Somebody correct me if I'm wrong, but Google cars still can't drive in the rain or in the snow. Not even on a wet street. They have driven all those thousand miles in Mountain View, Calif. in good weather.
Generally lidar's don't work well with rain or reflective surfaces.
Indeed — I remember a projet in high-school, explaining how lidar were being used to measuring rain drops direction…
The thing is: there apparently now is a technology (at Mercedes or BMW) that uses beamers instead of front lights; a secondary camera detects droplets’ movement, predicts their fall and the beamer doesn’t shine light precisely on them. It helps light in front of you at night without shining mainly the rain. I was stunned when I learned we are now that fast. Same thing with cooking mosquitoes with lasers. I’m assuming that with those tech handy, a lidar should work properly through the rain. It leaves braking as a problem, especially on black ice — and that one is tougher.
BMW does have an interesting new headlight system available on the coming i8 which boosts the high beam range using lasers, which is still pretty cool but doesn't avoid rain.
My understanding is that it uses vision processing algorithms on a camera nowadays, and works just fine in rain. Snow is an issue because the car can't see the lane markings through the snow -- a human drives through snow by remembering where they were or making a guess.
A computer can do dead-reckoning off of fixed objects (buildings, bridges) and remember a millimeter-level resolution map of where lanes are better than any human.

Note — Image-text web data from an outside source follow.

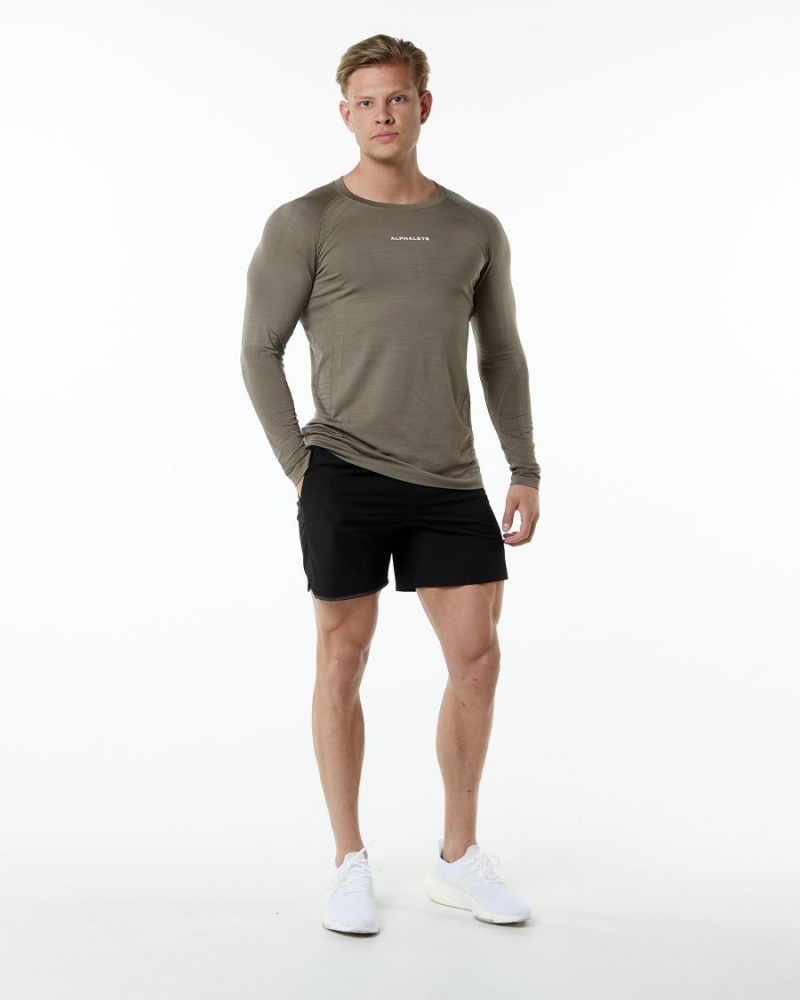 Men's Alphalete Ozone LS Tee Shirts Cedar | 9610-EKODS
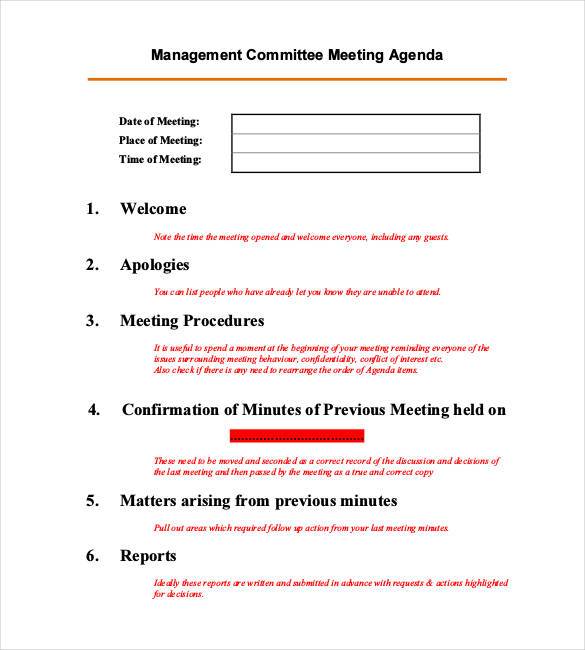 management committee meeting agenda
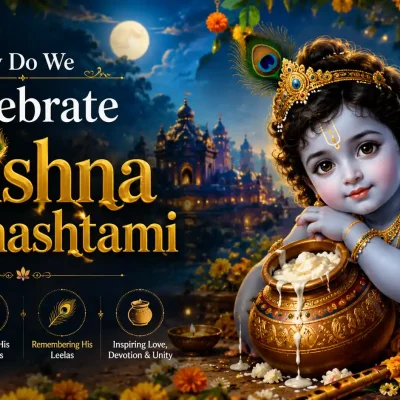 Decorated idol of baby Lord Krishna in a cradle for Janmashtami celebrations.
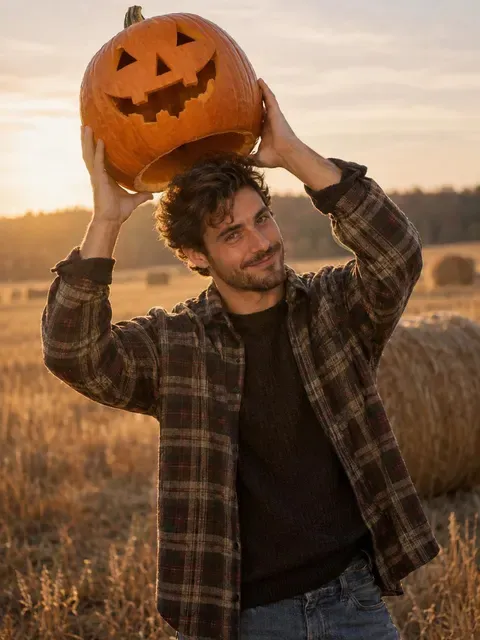 Pumpkin Head Photoshoot Halloween AI photo style example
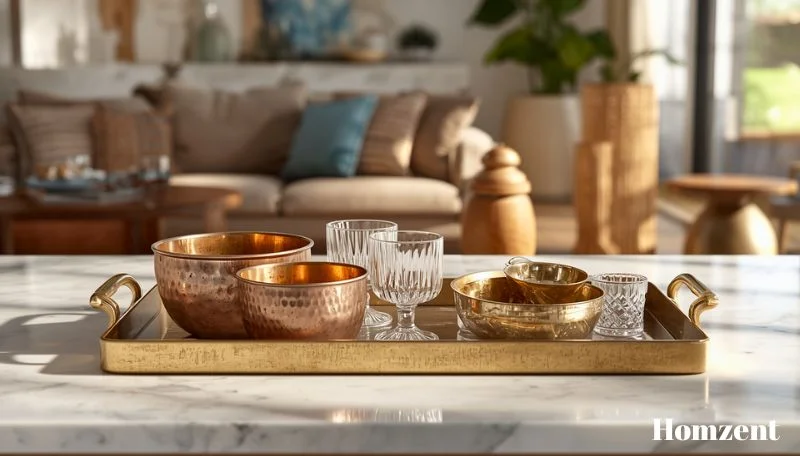 Vintage-brass-tray-and-copper-bowls-styled-on-a-marble-countertop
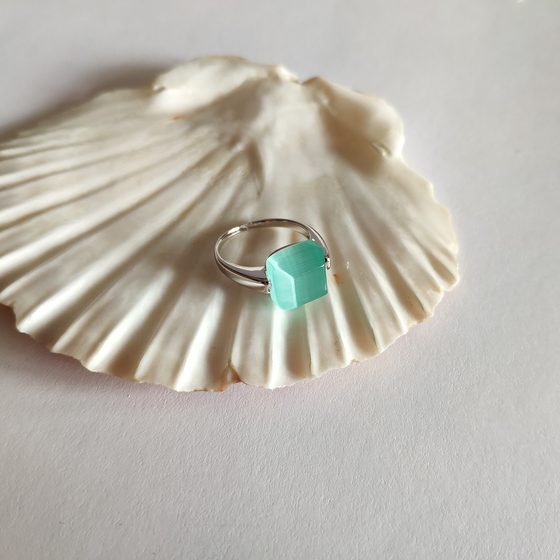 Серебряное кольцо с кошачьим глазом 7.554ct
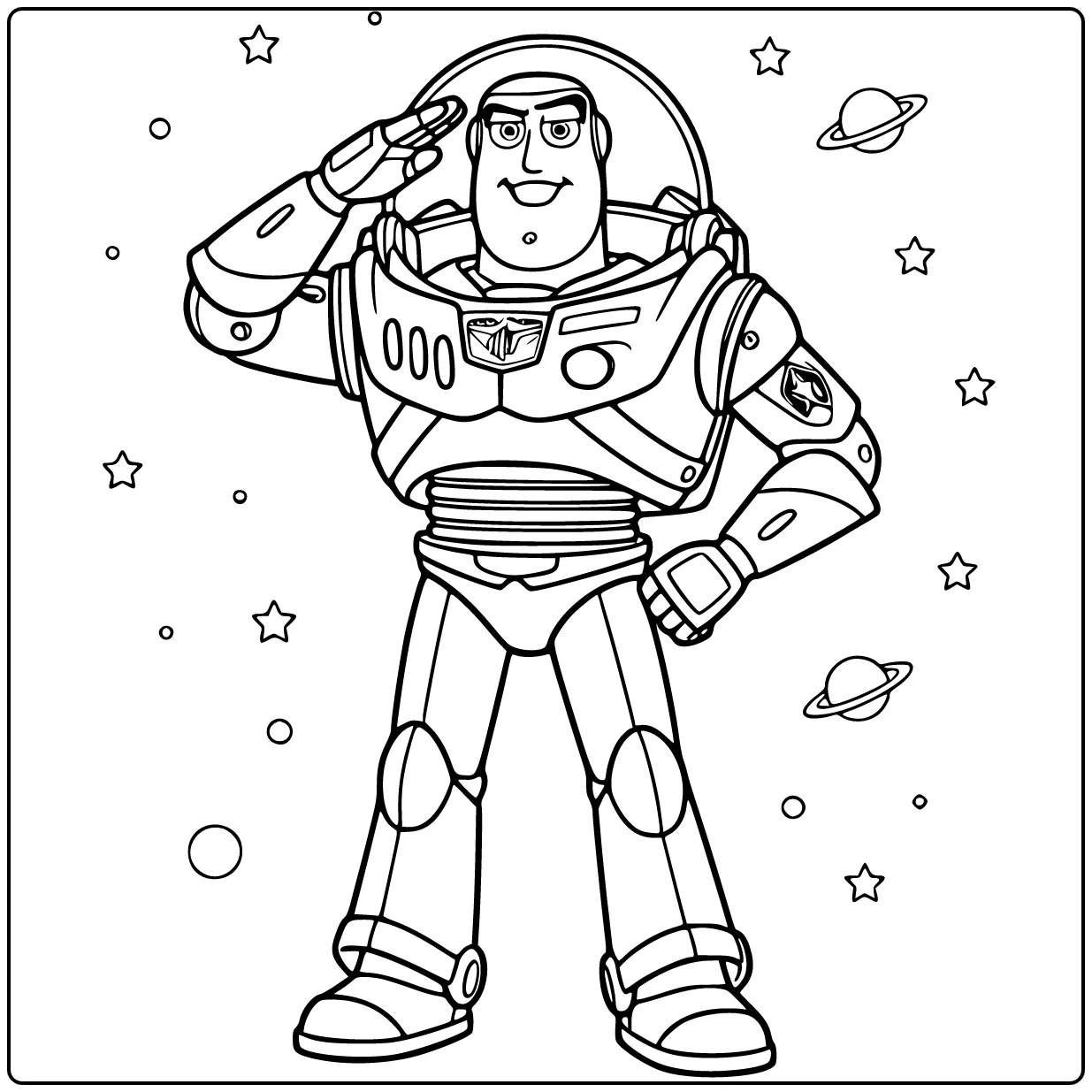 Buzz Lightyear coloring page saluting with a proud smile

They still have trouble in snow. I think that's fine for a first version.
I fully expect the first consumer versions of automatic cars will have a "No, I won't drive for you today, Dave" mode. Driving in everything but snow would still be a huge win.
And if you ever look at a large parking lot after a thaw when it had been snowing earlier in the day you can see we're also horrible at predicting where the lines are and, for the most part, use other drivers as our guide.

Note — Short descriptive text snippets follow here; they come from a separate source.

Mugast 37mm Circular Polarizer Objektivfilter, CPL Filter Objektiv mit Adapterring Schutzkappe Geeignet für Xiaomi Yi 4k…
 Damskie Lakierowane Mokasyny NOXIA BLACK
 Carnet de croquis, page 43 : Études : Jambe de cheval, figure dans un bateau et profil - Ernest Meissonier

There's a relatively simple fix for lane markings, that would help autonomous cars even in good weather. You know those reflective lane marking doodads they embed in the road surface? We start replacing them with magnetized nails that are pounded into the asphalt in intervals. Sensors in the car could recognize the lanes even in deep snow or pea-soup fog. And homeowners could easily outfit their driveways with a trip to Home Depot.
They don't use the embedded ones in most parts of snow countries like Canada, because it's hard to get them flush with the road so that they work with snowplows. AFAICT, Toronto still uses just plain old paint on most of its roads.
I am also curious about multiple vehicles using LDAR at the same time. Is it possible for two or more vehicles to operate using LIDAR independently, or must they synchronize with one another and how far apart do they have to be?
Generally lidar's don't work well with rain or reflective surfaces.